A few months ago, I had dinner with a journalist who knows President Obama somewhat well and admires him in several respects. He told me something that didn’t particularly surprise me – but which was useful to have confirmed. This person’ said Obama is enormously thin-skinned, he remembers and keeps track of negative things said and written about him, and he is a person filled with many more grievances and resentments than one might imagine. He feels sorry for himself – and he is inclined to lash out, in his own emotionally contained way, at even slight criticisms.
I was reminded of that conversation in hearing this exchange between Ed Henry of Fox News and the president.
Henry asked Obama a question related to Iran and, in the course of it, quoted a critical comment about Obama made by Mitt Romney. To which the president responded, with a faux smile, “I didn’t know you were the spokesperson for Mitt Romney.”
For a reporter to ask a president a question that includes a quote from a person from the opposite party is about as common as the sun rising in the east. So what explains the president’s snarky response?
The answer, I think, goes back to what my dinner companions said: Obama is exceedingly thin-skinned. Beyond that, he expects to be coddled by, if not worshiped by, the press. And of course Obama carries a particular resentment for Fox News, which doesn’t treat him as the world-historical, Lincoln-like figure Obama sees himself as.
In their book The Battle for America 2008, Haynes Johnson and Dan Balz wrote this:
[Chief political aide David] Axelrod also warned that Obama’s confessions of youthful drug use, described in his memoir, Dreams From My Father, would be used against him. “This is more than an unpleasant inconvenience,” he wrote. “It goes to your willingness and ability to put up with something you have never experienced on a sustained basis: criticism. At the risk of triggering the very reaction that concerns me, I don’t know if you are Muhammad Ali or Floyd Patterson when it comes to taking a punch. You care far too much what is written and said about you. You don’t relish combat when it becomes personal and nasty. When the largely irrelevant Alan Keyes attacked you, you flinched,” he said of Obama’s 2004 U.S. Senate opponent.

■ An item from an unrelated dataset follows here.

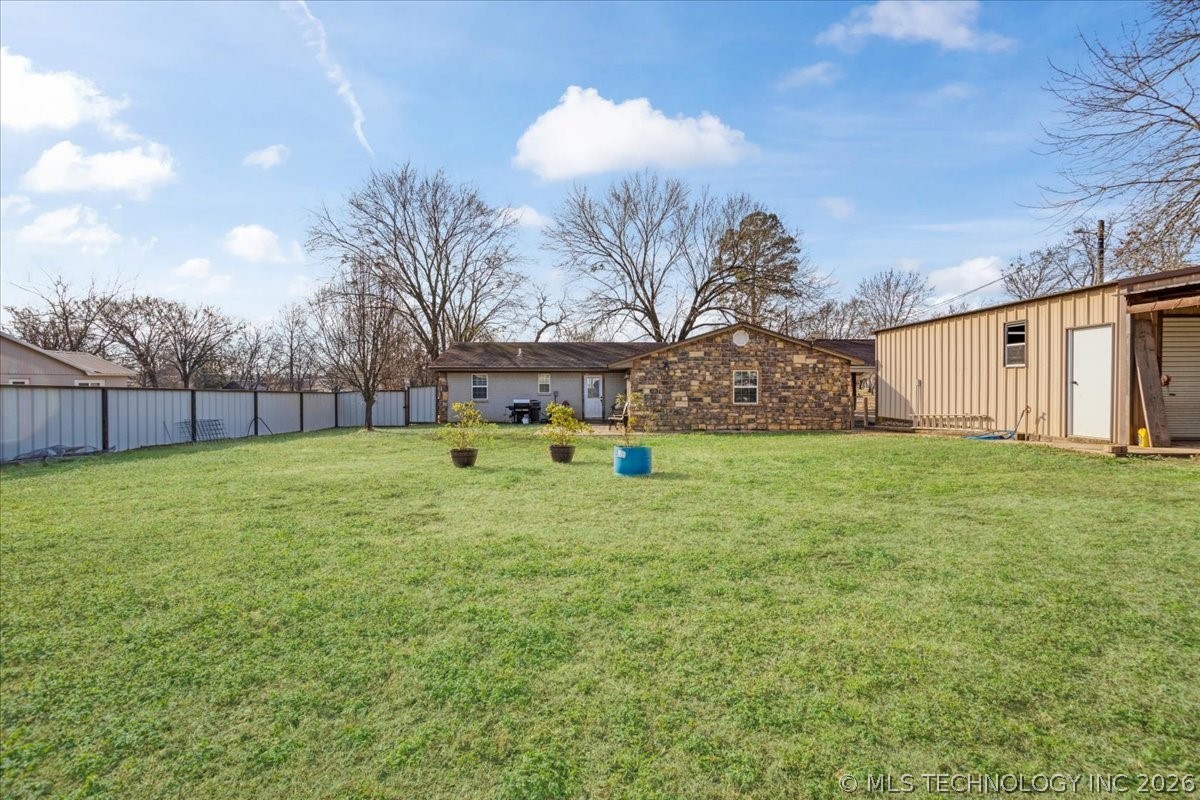 401 Washington Avenue Property Photo 25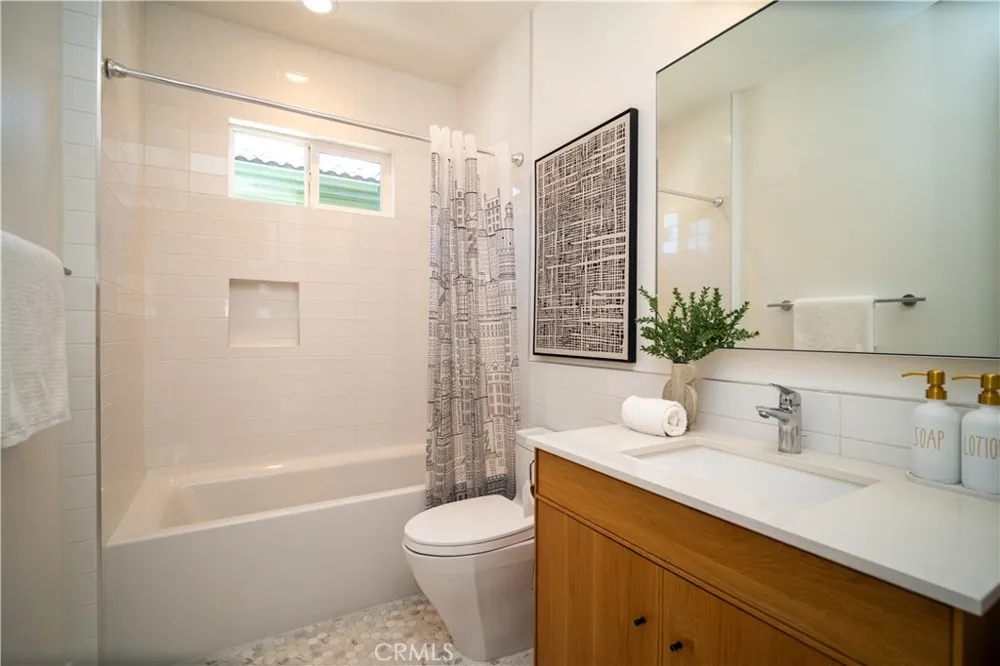 9401 Longden Temple City, CA 91780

Obama has flinched ever since – and he’s flinching now more than ever.
I have commented several times before that as Obama’s presidency collapses, he will have a terrible time processing it. He is becoming increasingly petulant and exasperated, blaming others for his own failures, and even seeing conspiracies (Ed Henry is carrying water for Mitt Romney) where none exist.
It’s a sad thing to watch Barack Obama morph into Richard Nixon.